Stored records
# # #

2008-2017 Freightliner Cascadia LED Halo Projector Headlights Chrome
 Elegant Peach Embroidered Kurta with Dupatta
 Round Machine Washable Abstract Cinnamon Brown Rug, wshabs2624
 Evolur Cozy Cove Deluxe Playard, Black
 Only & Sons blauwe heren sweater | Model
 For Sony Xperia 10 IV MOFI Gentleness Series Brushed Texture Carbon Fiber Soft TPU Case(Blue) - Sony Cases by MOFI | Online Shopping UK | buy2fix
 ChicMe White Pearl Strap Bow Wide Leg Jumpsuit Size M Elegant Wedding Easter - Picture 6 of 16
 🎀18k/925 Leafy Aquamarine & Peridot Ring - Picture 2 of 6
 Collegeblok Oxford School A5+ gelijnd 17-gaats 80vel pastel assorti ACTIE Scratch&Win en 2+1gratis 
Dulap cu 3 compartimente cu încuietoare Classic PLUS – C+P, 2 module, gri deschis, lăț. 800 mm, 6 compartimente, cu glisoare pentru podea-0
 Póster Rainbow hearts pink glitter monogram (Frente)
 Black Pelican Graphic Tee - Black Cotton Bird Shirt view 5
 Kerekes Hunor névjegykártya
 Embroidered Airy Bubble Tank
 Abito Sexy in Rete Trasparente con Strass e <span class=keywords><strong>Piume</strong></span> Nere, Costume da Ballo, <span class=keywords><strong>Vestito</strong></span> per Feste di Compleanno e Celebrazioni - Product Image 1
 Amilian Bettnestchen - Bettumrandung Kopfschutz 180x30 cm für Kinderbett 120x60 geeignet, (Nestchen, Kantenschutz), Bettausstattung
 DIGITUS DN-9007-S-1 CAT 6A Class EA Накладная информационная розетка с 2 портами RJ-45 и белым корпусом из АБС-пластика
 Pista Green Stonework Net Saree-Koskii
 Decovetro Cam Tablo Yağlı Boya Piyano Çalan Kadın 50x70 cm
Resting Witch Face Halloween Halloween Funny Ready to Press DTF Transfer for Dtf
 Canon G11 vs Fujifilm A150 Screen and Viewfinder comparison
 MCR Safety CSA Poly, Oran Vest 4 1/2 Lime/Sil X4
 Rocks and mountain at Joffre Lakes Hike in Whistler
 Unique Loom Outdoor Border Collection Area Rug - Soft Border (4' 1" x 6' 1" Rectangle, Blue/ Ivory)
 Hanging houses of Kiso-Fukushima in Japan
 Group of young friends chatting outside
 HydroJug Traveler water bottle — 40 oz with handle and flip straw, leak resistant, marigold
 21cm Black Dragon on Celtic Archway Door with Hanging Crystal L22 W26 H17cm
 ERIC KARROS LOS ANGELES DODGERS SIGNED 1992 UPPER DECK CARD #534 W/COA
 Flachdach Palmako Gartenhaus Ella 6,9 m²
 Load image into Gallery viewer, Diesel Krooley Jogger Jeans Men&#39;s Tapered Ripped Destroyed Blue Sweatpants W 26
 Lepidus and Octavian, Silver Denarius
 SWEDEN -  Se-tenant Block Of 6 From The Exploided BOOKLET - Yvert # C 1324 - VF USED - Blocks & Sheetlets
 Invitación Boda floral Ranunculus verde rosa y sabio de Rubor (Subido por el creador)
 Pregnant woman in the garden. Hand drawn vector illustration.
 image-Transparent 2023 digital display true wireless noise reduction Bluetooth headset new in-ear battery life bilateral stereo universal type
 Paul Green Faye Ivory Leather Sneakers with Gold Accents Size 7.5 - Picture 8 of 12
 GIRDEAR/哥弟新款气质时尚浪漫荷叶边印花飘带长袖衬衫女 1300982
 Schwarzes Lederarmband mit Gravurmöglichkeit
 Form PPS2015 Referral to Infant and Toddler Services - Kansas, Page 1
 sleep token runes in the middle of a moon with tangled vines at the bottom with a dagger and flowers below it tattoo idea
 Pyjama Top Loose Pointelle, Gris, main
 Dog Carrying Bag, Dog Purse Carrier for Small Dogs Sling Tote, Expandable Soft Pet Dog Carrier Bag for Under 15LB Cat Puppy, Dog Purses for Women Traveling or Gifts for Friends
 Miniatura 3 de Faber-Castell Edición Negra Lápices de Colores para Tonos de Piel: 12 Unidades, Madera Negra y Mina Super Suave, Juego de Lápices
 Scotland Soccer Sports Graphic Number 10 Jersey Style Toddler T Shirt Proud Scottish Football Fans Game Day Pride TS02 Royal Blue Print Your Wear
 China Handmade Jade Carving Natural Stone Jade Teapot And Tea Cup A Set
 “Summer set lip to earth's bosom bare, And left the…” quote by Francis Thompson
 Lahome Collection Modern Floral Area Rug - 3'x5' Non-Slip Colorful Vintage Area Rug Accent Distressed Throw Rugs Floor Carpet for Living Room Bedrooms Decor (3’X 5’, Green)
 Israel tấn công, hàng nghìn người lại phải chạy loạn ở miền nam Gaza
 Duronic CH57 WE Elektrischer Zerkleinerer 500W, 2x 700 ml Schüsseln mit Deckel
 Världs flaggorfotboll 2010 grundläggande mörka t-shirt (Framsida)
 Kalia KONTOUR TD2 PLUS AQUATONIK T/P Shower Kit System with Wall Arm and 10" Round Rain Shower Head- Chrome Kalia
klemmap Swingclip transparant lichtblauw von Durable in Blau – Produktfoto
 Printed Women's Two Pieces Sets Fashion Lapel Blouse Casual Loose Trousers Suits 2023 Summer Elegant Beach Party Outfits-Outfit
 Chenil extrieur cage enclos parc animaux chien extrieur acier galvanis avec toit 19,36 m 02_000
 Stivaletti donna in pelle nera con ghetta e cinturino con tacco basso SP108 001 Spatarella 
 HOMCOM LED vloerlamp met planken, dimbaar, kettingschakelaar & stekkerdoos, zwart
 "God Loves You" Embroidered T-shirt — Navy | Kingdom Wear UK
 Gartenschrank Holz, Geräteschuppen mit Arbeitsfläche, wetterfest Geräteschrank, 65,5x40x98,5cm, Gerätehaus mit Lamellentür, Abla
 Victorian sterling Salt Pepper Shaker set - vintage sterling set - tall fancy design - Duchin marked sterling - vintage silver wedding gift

# # #

Check each line of the entries, and copy the ones that contain "Graphic".

● Task output
 Black Pelican Graphic Tee - Black Cotton Bird Shirt view 5
 Scotland Soccer Sports Graphic Number 10 Jersey Style Toddler T Shirt Proud Scottish Football Fans Game Day Pride TS02 Royal Blue Print Your Wear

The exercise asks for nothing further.